(Captioned web images)
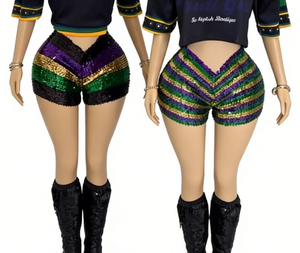 Shorts à paillettes pour le Mardi Gras, prêts à être expédiés, pour adultes, rayés, violet, or, <span class=keywords><strong>vert</strong></span>, fête, brillants, scintillants - Product Image 1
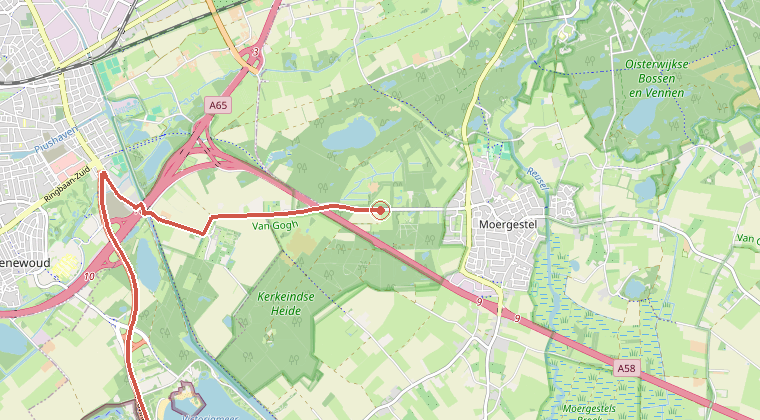 Kaart van de omgeving van de melding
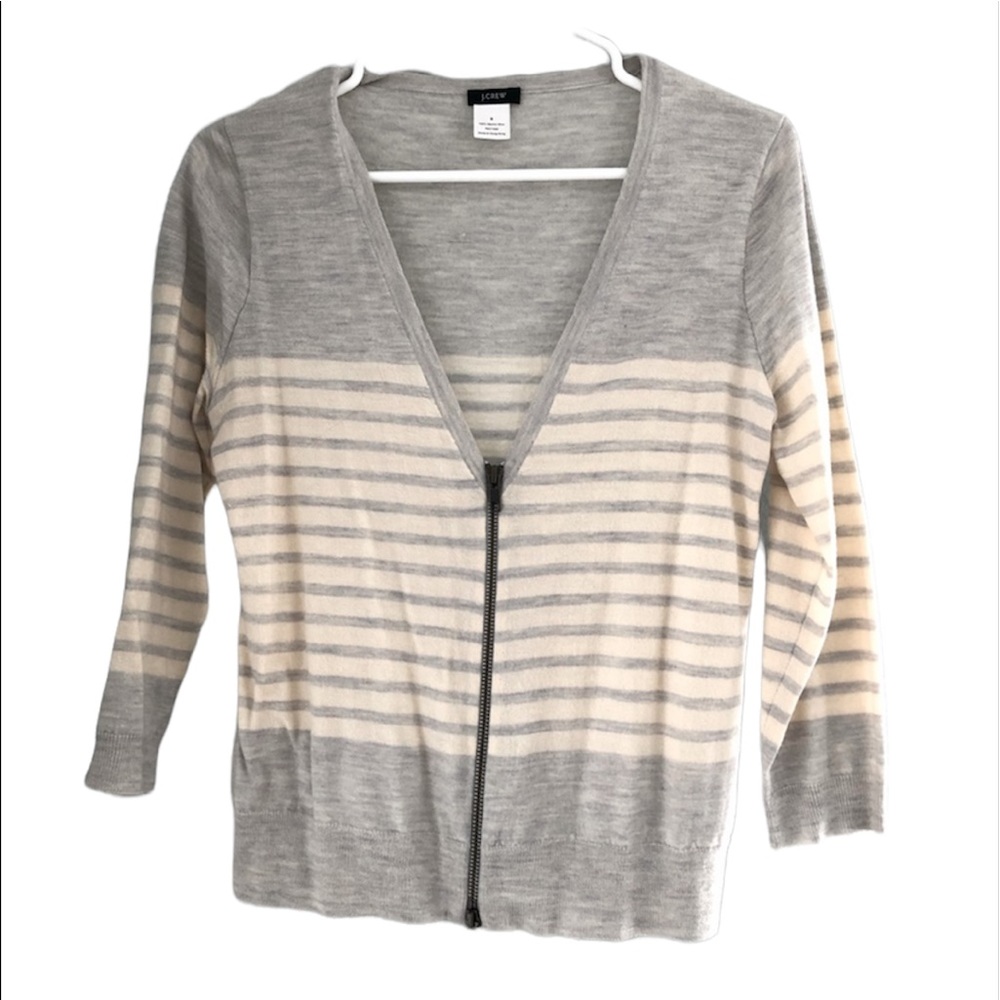 J. CREW 100% Merino Wool Gray and Cream Striped Cardigan Women’s Sweater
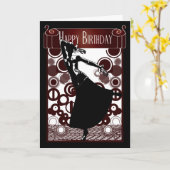 Carte anniversaire Art Déco Roaring 20's (Fleur jaune)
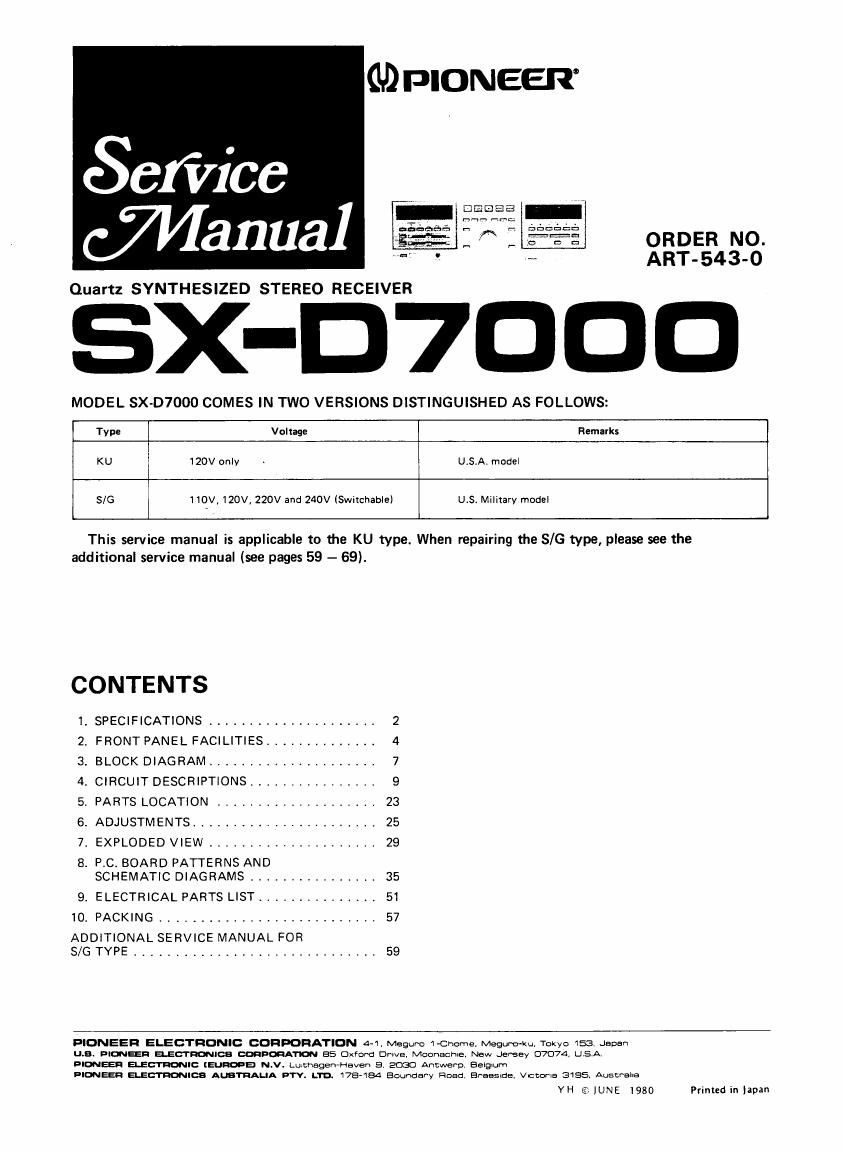 pioneer sxd 7000 service manual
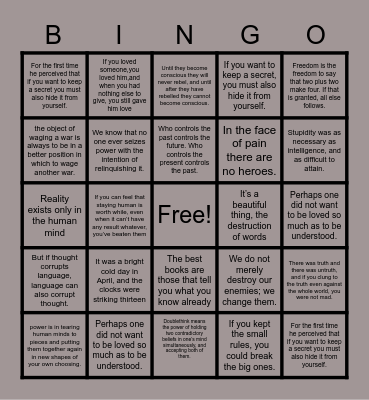 1984 Bingo Card
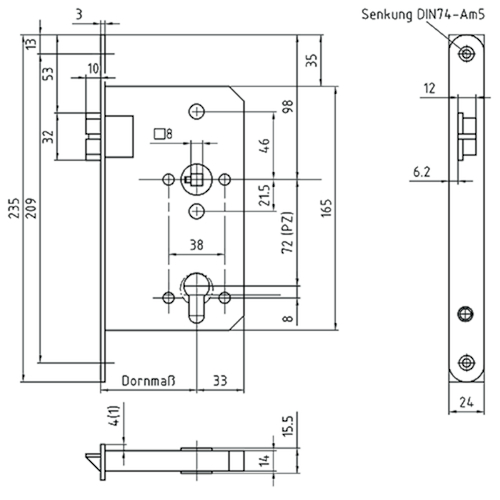 INSTEEKSLOT 3 D KL 3 fluisterschoot 60E - 72PZ - DINR - inox - vrpl afgerond Productafbeelding BIGSKZ L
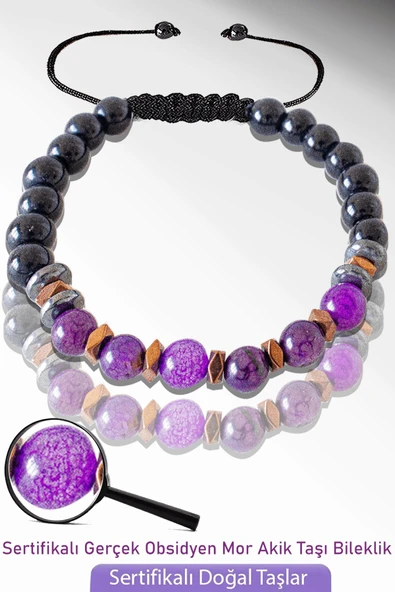 Sertifikalı Doğal Obsidyen - Mor Akik Taşı Bileklik - Ayarlamalı ürün görseli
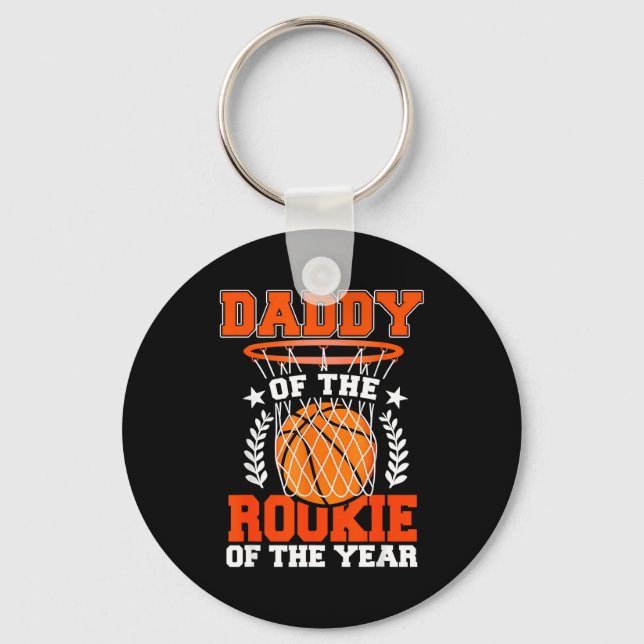 Porte-clés Daddy Of Rookie 1st Basketball Bday Theme Matching (Recto)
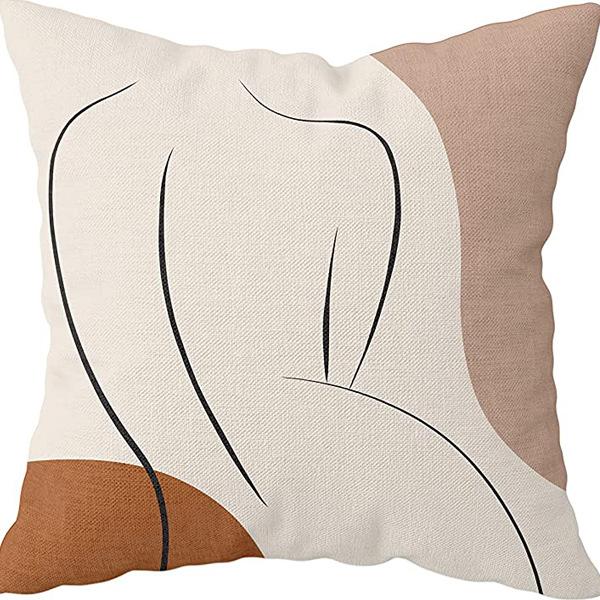 Abstract Pillowcase Sunset Sunrise Line Modern Art Minimalist Living Room Sofa Bay Window Pillow Geometry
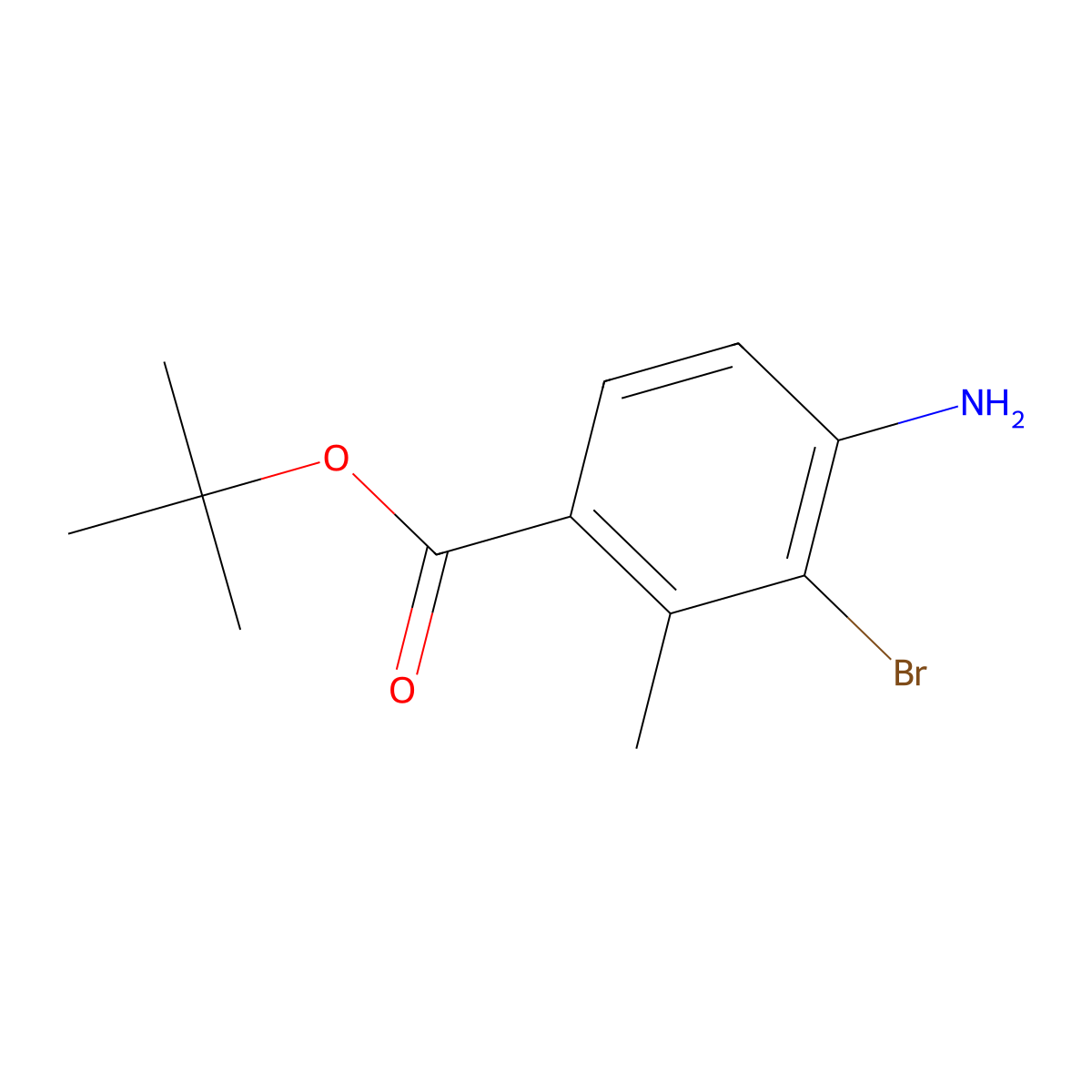 Tert-butyl 4-amino-3-bromo-2-methylbenzoate molecular structure, CAS 2580206-80-8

= Exercise objective =
Down to the last line, return the entries above exactly, with no pictures.

= Written response =
 Shorts à paillettes pour le Mardi Gras, prêts à être expédiés, pour adultes, rayés, violet, or, <span class=keywords><strong>vert</strong></span>, fête, brillants, scintillants - Product Image 1
 Kaart van de omgeving van de melding
 J. CREW 100% Merino Wool Gray and Cream Striped Cardigan Women’s Sweater
 Carte anniversaire Art Déco Roaring 20's (Fleur jaune)
 pioneer sxd 7000 service manual
 1984 Bingo Card
 INSTEEKSLOT 3 D KL 3 fluisterschoot 60E - 72PZ - DINR - inox - vrpl afgerond Productafbeelding BIGSKZ L
 Sertifikalı Doğal Obsidyen - Mor Akik Taşı Bileklik - Ayarlamalı ürün görseli
 Porte-clés Daddy Of Rookie 1st Basketball Bday Theme Matching (Recto)
 Abstract Pillowcase Sunset Sunrise Line Modern Art Minimalist Living Room Sofa Bay Window Pillow Geometry
 Tert-butyl 4-amino-3-bromo-2-methylbenzoate molecular structure, CAS 2580206-80-8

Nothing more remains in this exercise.